Saturday, 10 March 2018

I'm taking part in an adoption scheme for modern sculpture

An adoption scheme for modern sculpture is being launched by a group of contemporary artists in Glasgow, and I am delighted to be part of it.
Sculpture Placement Group, (L-R) Kate V Robertson, Michelle Emery-Barker and Martin Craig 

The Sculpture Placement Group will give charities and other organisations the chance to borrow sculptures which are currently in long-term storage.

Organisers say it will provide an opportunity to take artworks to places they would not otherwise be shown.

The scheme will be piloted at Glasgow Sculpture Studios as part of Glasgow International 2018, which takes place 20 April to 7 May. A selection of works will be displayed in mock environments designed by the artists, with a larger number of works also available via an accompanying catalogue.

Adoption will be free but "guardians" will take responsibility for care and display of the artwork.

The move follows previous success with the innovative Art Lending Library.

Kate V Robertson, one of the three curators behind the project, said there is "loads of enthusiasm" within the art community for the idea.

She said: "All over the country there are superb sculptures by respected artists that are hidden away and have no clear future when they could be seen and enjoyed by new and wider audiences.

"The art market puts a lot of emphasis on new work by sculptors with little provision for what happens to pieces after an exhibition is over. Some is destroyed but the artists put much of it into long-term storage.

"We've been talking to artists about whether they would like to give new life to some of their work by offering it for adoption and the response has been great, loads of enthusiasm."

Glasgow artist Rachel Lowther said she is looking forward to seeing who comes forward to adopt the pieces she is putting forward.

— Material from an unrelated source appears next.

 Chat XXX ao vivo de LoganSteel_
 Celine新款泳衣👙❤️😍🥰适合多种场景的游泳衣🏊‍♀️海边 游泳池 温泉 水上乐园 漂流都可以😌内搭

She said: "My studio is full of sculpture now and it can be a problem finding space to create anything new. Sculptors either have to keep work in their studios or pay extra for storage.

"This is a great experiment - it is better to have art out in the world than in boxes. A sculpture is a better place to meet and talk than a water cooler."

Fellow artist Nick Evans said: "A few years ago I was invited to do a solo exhibition at Tramway, which was great, I really threw myself into creating the pieces. There were a dozen large plaster sculptures around 1.5m tall and weighing 100kg each.

"I didn't want to destroy them afterwards - it was a significant moment in my career. I swapped one with my landlord for two shipping containers and space in the back yard to store the rest.

"The prospect of finding more interesting spaces and ways to display this work really interests me, as does the whole idea of giving a new sense of value to the work."